View Full Version : N-patch support for Morrowind
John Reynolds
15-Feb-2003, 16:12
http://morrowind.nm.ru/Morrowind%20FPS%20Optimizer/
This little utility also lets you push the in-game fog back, increasing the maximun view distance by 3x. Enabling the N-patch support brought my 9700 Pro to its knees, at least at 1280x960 with 6x AA, 8x AF, and the view distance maxed out. Looks incredible, though, and definitely worth trying out if you have the game.
Very interesting.. gonna try it later.. :)
horvendile
16-Feb-2003, 09:51
Enabling the N-patch support brought my 9700 Pro to its knees
I was under the impression that the R300 had no hardware support for N-patches. Er... that is the same thing as trueform, right? Anyway, if there is no hardware support, I suppose it's the good old CPU that's got to get its hands dirty (not sure with exactly what, though). Maybe that could partly explain the slowdwn?
I mean, apart from rendering a truckload of extra polygons...
K.I.L.E.R
18-Feb-2003, 12:19
JR is soooo slooooow on the news. :)
This is old.
BTW, if you guys are interested - take look here:
http://hrc.webzeppelin.hu/Patches-By_T2k!/TRUFORM%99_patches-By_T2k!/
Goragoth
03-Mar-2003, 05:13
So while on the topic of Morrowind I would like to ask a question: has a computer that can run Morrowind at consitently high fps actually been invented yet?
My specs are: AthlonXP2100+;Soltek NForce2 mobo;512 DDR266 ram; Radeon9700Pro, and I have to turn visibilty down to about 20%, no shadows and run it at 800x600 to get what I consider smooth framerates most (though not all) the time.

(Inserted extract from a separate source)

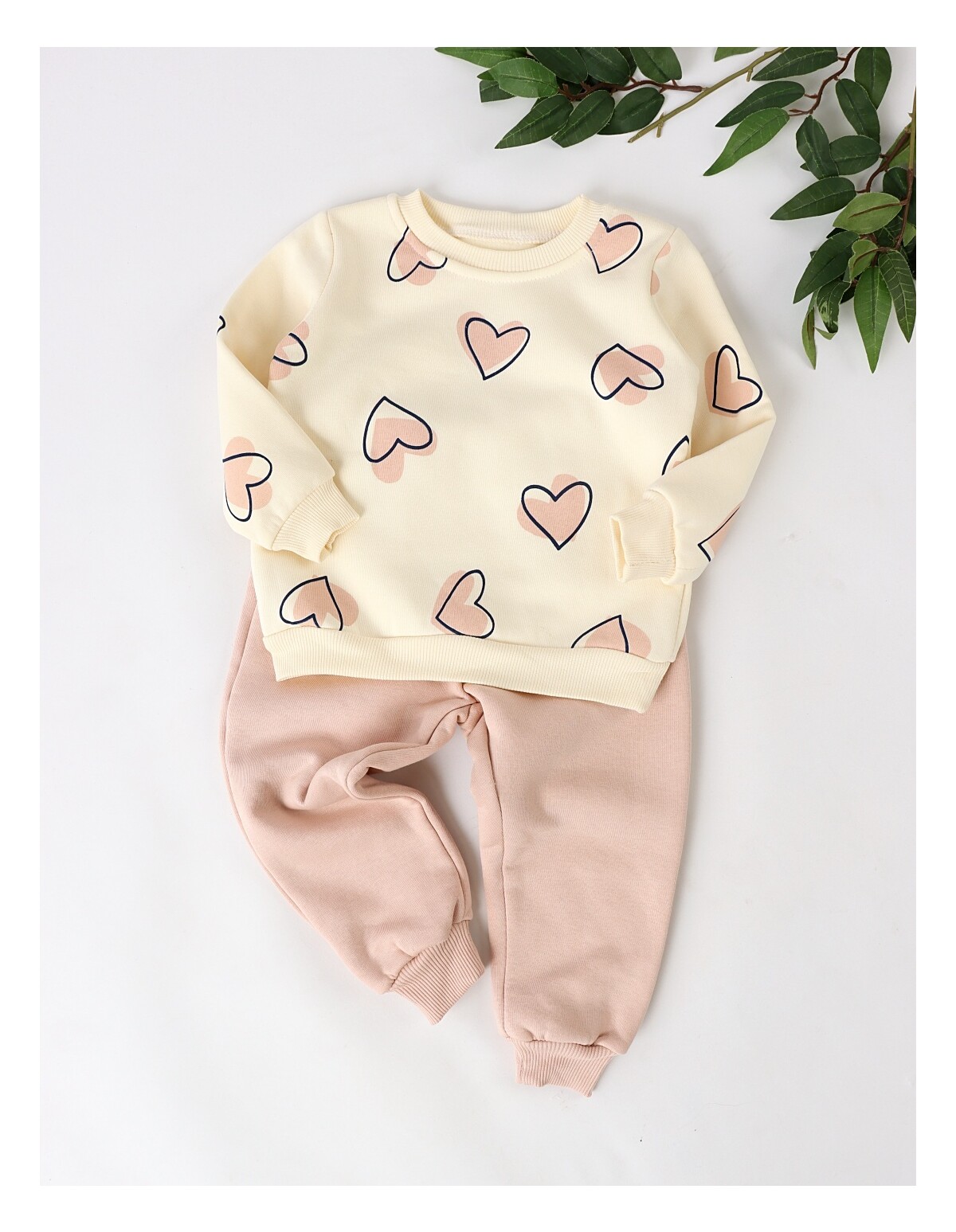 Compleu vatuit Hearts, roz-pal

I do have 4xAA and 8xAF enabled too but still games like Unreal2 run super smooth at high res but not Morrowind. Great game but crappy engine I guess. Or is it just me? :shock:
Rodéric
03-Mar-2003, 10:10
The worst game ever : Morrowind
Ok that's not true it has great graphics and many interesting thing, but the fact that it runs as slow as an old turtle even on high end PC makes it not worth a penny.
:p
It's slow on my computer too.
Athlon XP 2000+, 512MB DDR333, ASUS A7V8X, RadeOn 8500 64MB.
Jon Brittan
03-Mar-2003, 11:16
It's funny you guys say it runs slow on some reasonably specced machines, as I was given a copy for free and as it wasn't one of my "Must play" games, I decided to save my better machines and chucked it on an Athlon 800, with 512MB PC133 and a GF2MX400 and it runs perfectly smoothly, there were one or two stutters, but that's in the entire game as I have "finished" it (completed the storyline, not done all the side quests).
Entropy
03-Mar-2003, 15:43
Hey, it's not a competitive game! What does it matter if the frame rate is low, or if you have to dial down your view distance a bit to get your fps where you want them.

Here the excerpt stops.